Bioshock was a definite step up from System Shock 2.
One can quibble about the writing, most people prefer Rapture, but I always thought SS2 had underrated worldbuilding.
The gameplay is just strictly superior. SS2 suffered from this old adventure game syndrome of softlocking you if you made reasonable but wrong choices. You could end up having to start a new save if you didn't upgrade the right skills and there's no obvious logic to what you need. Compare Bioshock which actually lets you engage in different playstyles without punishing you if you don't do it the intended way, and you can tell that there was a Deus Ex in between.
Pacing is also vastly improved. Bioshock is one of the best written video games I know in terms of pace, you're always engaged in the story from the beginning to the end, whereas people tend to forget that the last chapters of SS2 were a slog.
If you've never played Bioshock 2, I recommend it. It's probably the best in the franchise, the story is surprisingly nuanced and the gameplay is a more mature version of the first one in a way that makes Infinite's level design feel amateur in comparison.
Yeah, I can't disagree too strongly with any of that. But I think it's relative to where you put your high water mark. For you it's Bioshock 2, for it's writing and gameplay. For others it's System Shock 2 for climbing to the top of the hill Ultima Underworld discovered, with it's inventory management, statistics, skills and all.
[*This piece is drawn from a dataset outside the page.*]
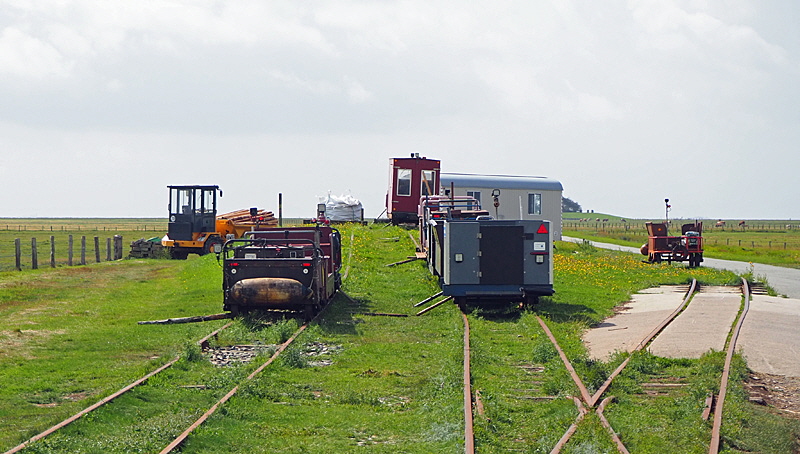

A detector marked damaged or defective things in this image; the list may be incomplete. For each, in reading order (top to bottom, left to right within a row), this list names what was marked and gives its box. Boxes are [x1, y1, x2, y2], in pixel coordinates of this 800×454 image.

rusty flatbed trolley [220, 224, 342, 318]
rusty flatbed trolley [640, 199, 704, 266]
rusty rail [3, 320, 234, 454]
I think by the time we get to Bioshock Infinite, it's bifurcated, it's a distinctly different genre than what Ultima Underworld and System Shock were. But circa Bioshock 1, that wasn't clear yet, they were just beginning to go their own ways. So people might look at one or the other and say "Clearly this one is better" depending on whether they wanted a narrative action game or a first person RPG.
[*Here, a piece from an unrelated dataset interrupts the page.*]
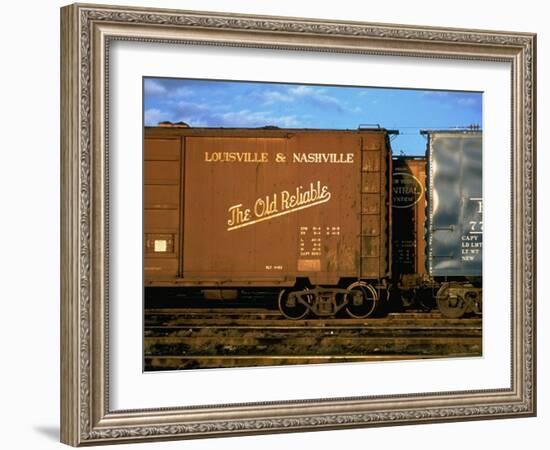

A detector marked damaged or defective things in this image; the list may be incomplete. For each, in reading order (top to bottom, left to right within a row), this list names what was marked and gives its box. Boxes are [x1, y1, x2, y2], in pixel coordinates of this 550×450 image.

weathered rusty paint [142, 128, 392, 286]
rusty brown boxcar [147, 125, 394, 316]
weathered rusty paint [394, 158, 430, 278]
Fair enough, but I always thought of immersive sims as their own genre where the exact blend of RPG and action has to serve the context.
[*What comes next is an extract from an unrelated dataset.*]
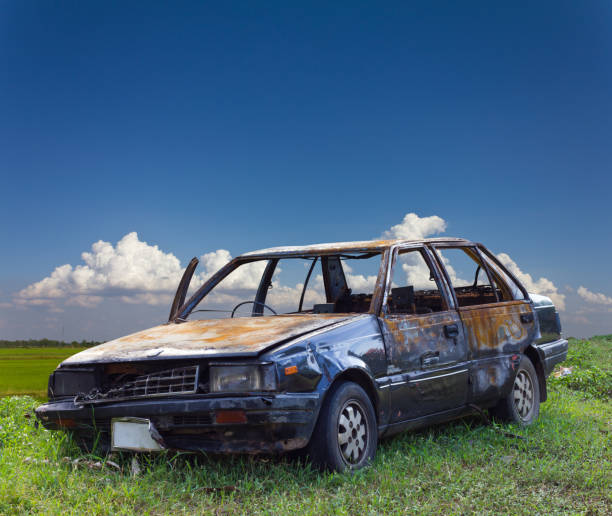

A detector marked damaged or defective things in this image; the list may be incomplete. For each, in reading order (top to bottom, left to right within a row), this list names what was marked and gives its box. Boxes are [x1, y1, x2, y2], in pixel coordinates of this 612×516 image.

rusty car body [34, 238, 568, 472]
burned car [35, 239, 568, 472]
rusty wheel rim [338, 400, 366, 464]
rusty wheel rim [512, 370, 532, 420]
For instance, Deus Ex's aiming mechanics, despite being a bit weird in hindsight actually made logical sense, guns don't hit harder if you're more skilled, they're just easier to aim. And so forth.
But there's definitely a point where RPG and action game touch and on either side is something different. I personally believe that point is Morrowind.
Deus ex guns did do far more damage with skill btw
Shit you're right! Can't believe I never noticed that.
I guess the location modifiers just overwhelm it so much I never felt like I couldn't kill something with a low skill weapon. I guess I'll have to look for it next playthrough.
I remember checking as a kid when I ran out of pistol ammo and tried going rambo with the assault rifle at untrained. Turned out the gun inexplicably does no damage anyway, even with the skill boosts.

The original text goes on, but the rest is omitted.